Cuando Marie Antoinette de Geuser escribía esta carta estaba muy cerca del umbral de la eternidad; sólo un delgado velo la separaba de aquella última plenitud que llamamos vida eterna. En los espíritus bienaventurados que han entrado en la unidad de la vida intradivina todo es uno: reposo y actividad, contemplar y actuar, callar y hablar, escuchar y comunicarse, entrega amorosa que recibe y amor que prorrumpe en cánticos de gratitud. Mientras estamos en camino, -y cuanto más lejos del fin más intensamente-, estamos sujetos a la ley de la temporalidad, y necesitados de que la vida divina con su plenitud se haga realidad en nosotros sucesivamente y en la complementariedad recíproca de los muchos miembros. Tenemos necesidad de las horas en las que escuchamos en silencio y dejamos que la palabra divina actúe en nosotros hasta que nos impulse a ser fructíferos en la alabanza y la acción. Tenemos necesidad de las formas tradicionales y de participar en el culto público y establecido, para que se estimule la vida interior y permanezca en el camino derecho y encuentre su expresión adecuada. La solemne alabanza divina tiene que tener sus lugares en la tierra, donde se desarrolla hasta la mayor perfección de que son capaces los hombres. Desde ahí puede elevarse al cielo por toda la Iglesia, e influir en sus miembros despertando la vida interior y enfervorizándolos para la participación exterior. Sin embargo, tiene que ser vivificada desde dentro, concediendo también en esos lugares un espacio a la profundización silenciosa. De lo contrario, degeneraría en un culto de los labios yerto y sin vida. La defensa contra este peligro la constituyen los lugares dedicados a la vida interior, donde las almas en la soledad y el silencio viven ante el rostro de Dios, para ser, en el corazón de la Iglesia, el amor que todo lo vivifica.

Cristo es el camino hacia la vida interior y el camino hacia el coro de los espíritus bienaventurados que cantan el eterno «‘Sanctus». Su sangre es la cortina a través de la cual entramos en el santuario de la vida divina. En el sacramento del bautismo y en el de la penitencia nos limpia de los pecados, nos abre los ojos a la luz eterna, los oídos a la palabra divina y los labios a la alabanza, a la oración de expiación, de petición, de agradecimiento, que son, todas, formas diferentes de la adoración, esto es, del homenaje del ser creado al Todopoderoso y Todobueno.
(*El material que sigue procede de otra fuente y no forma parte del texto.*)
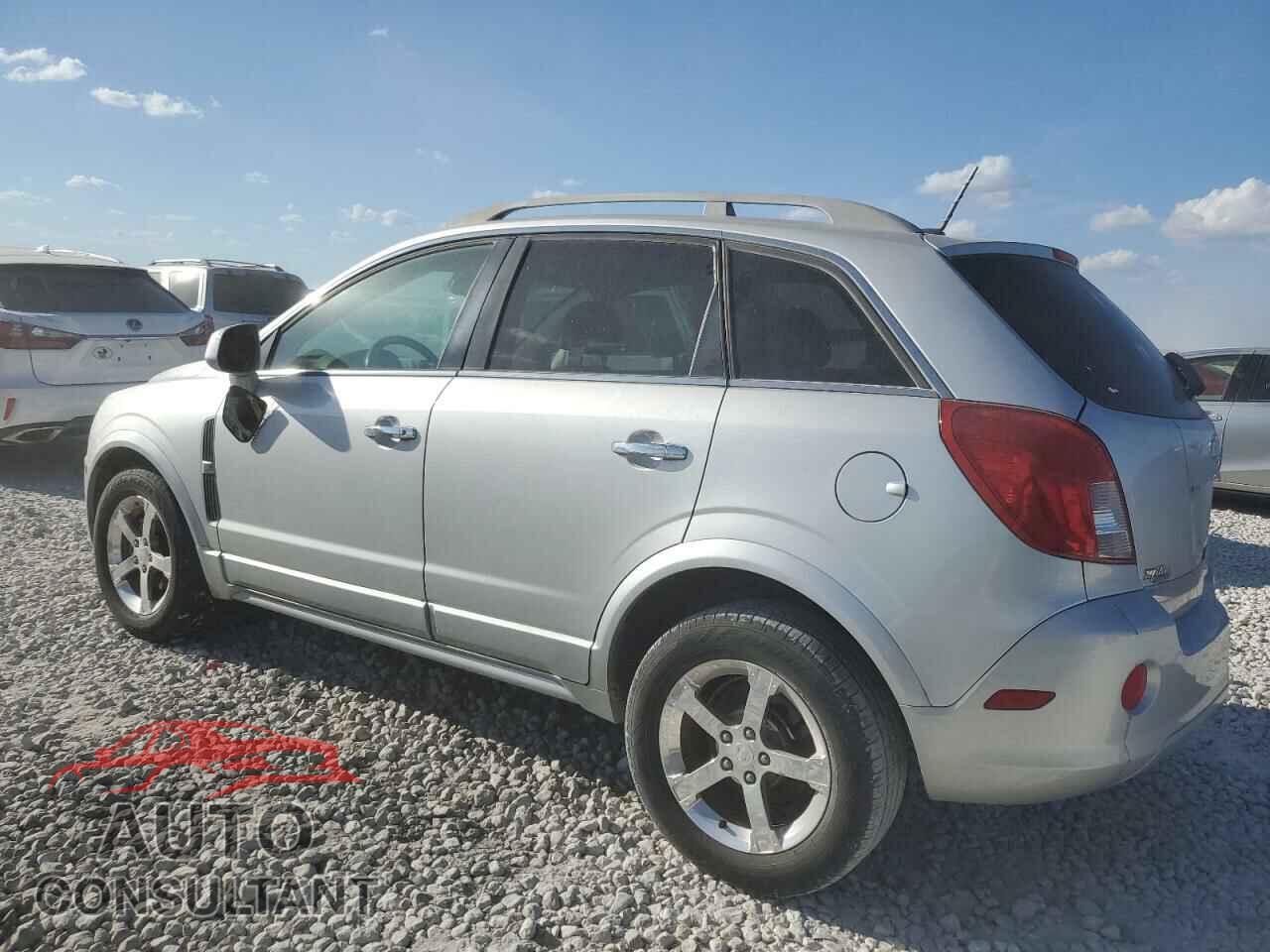 CHEVROLET CAPTIVA 2013 - 3GNAL3EK8DS618115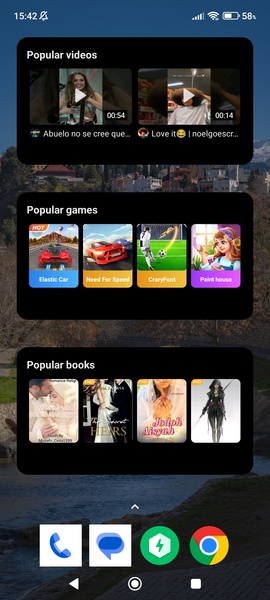 Xiaomi App vault - Preview 4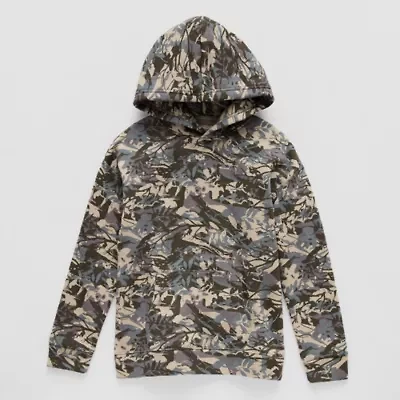 Thereabouts Little & Big Kid Boys Long Sleeve Fleece Hoodie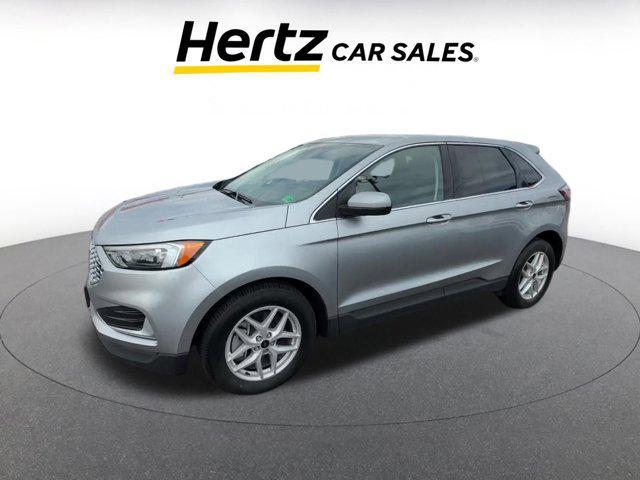 used 2024 Ford Edge car, priced at $26,633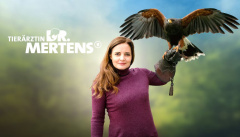 Моя мама — ветеринар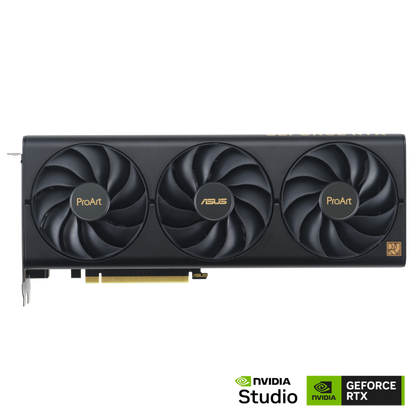 NVIDIA ASUS PROART GeForce RTX4060TI OC 12G GDDR6X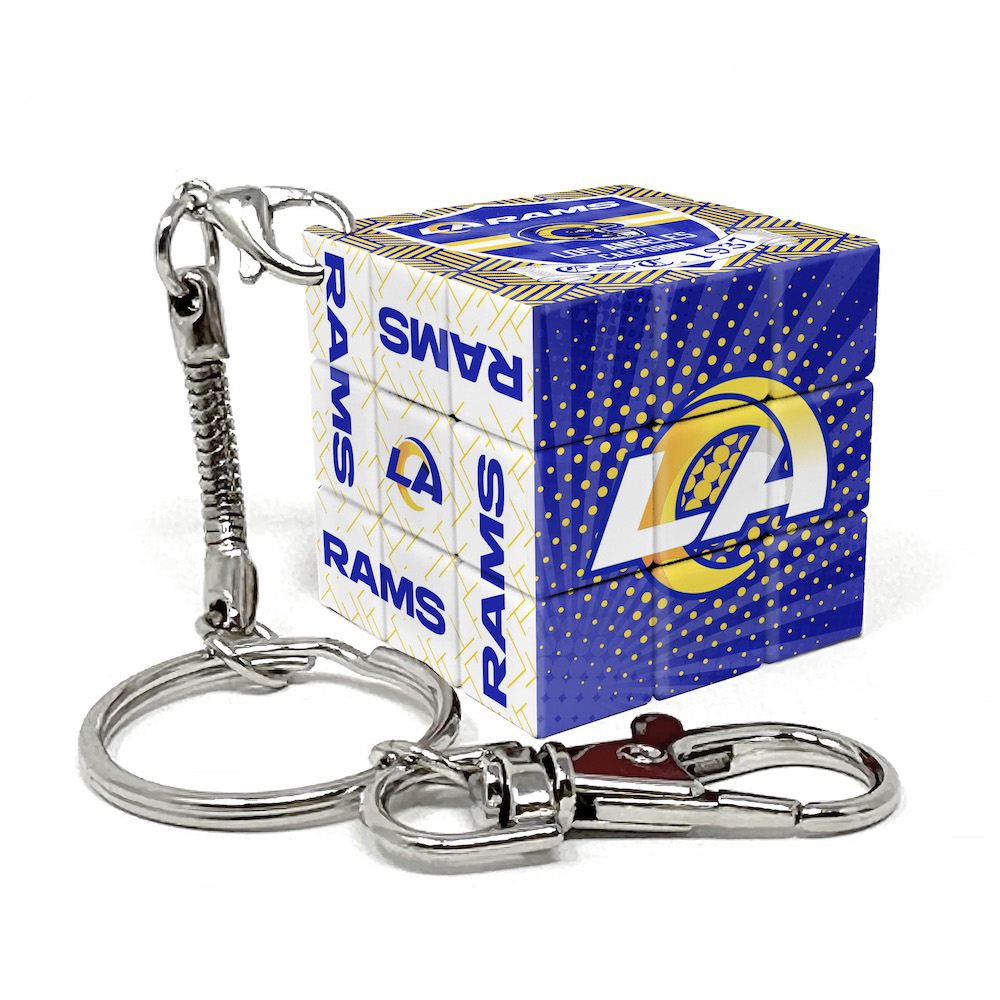 Los Angeles Rams Mini Speed Cube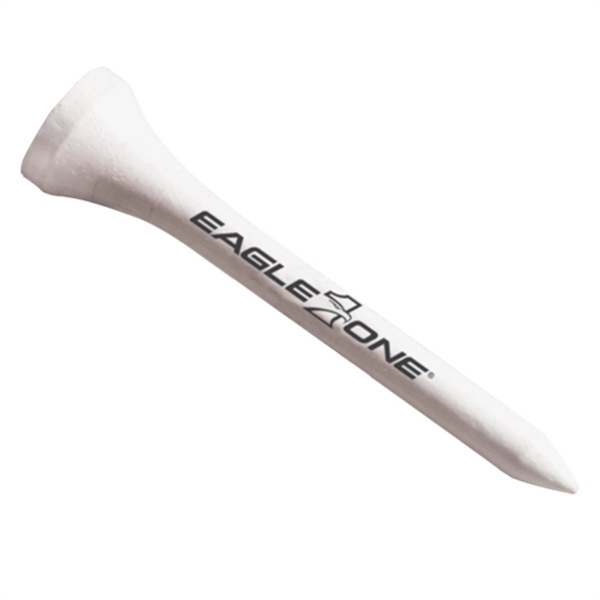 White color option for Golf Set In A Sealed Plastic Bag
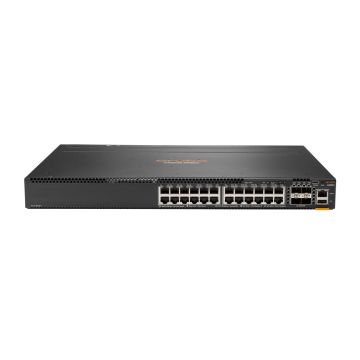 JX986A - HPE Aruba 6300M - switch - 24 ports - managed - rack-mountable (JL664A)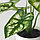 IKEA/  ФЕЙКА искусственное растение в горшке,3шт, 6 см, для дома, улицы бегония, фото 5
En el sacramento de la confirmación marca y fortalece al soldado de Cristo para su confesión valiente. Pero es sobre todo en el sacramento en que Cristo mismo está presente donde nos convierte en miembros de su cuerpo. Cuando participamos en el Santo Sacrificio y en la comunión, alimentados con la carne y la sangre de Cristo, nos convertimos en su carne y sangre. Sólo en la medida en que somos miembros de su cuerpo puede el Espíritu de Jesús vivificamos y reinar en nosotros: «…el Espíritu es el que vivifica; pues es el Espíritu el que hace vivos a los miembros; pero sólo vivifica a los miembros que encuentra en el cuerpo al que da vida… Nada debe temer tanto el cristiano, por consiguiente, como la separación del cuerpo de Cristo. Porque cuando se separa del cuerpo de Cristo, ya no es su miembro, y si no es su miembro ya no lo vivifica el Espíritu…”. Nos convertimos en miembros del cuerpo de Cristo «no sólo por el amor…, sino realmente por la incorporación a su carne: esto se realiza mediante la comida que nos regaló para mostrar su amor a nosotros. Para esto vino a nosotros y conformó su cuerpo al nuestro, para que seamos uno, como el cuerpo se une con la cabeza…». Como miembros de su cuerpo, animados por su Espíritu nos ofrecemos «por Él, con Él y en Él» como sacrificio, y nos unimos al eterno canto de acción de gracias. Por esto, después de recibir la santa comunión, la Iglesia nos hace decir: «Alimentados con tan grandes dones, te pedimos, Señor, nos concedas que los dones que hemos recibido nos sirvan de salvación y nos mantengan continuamente en tu alabanza».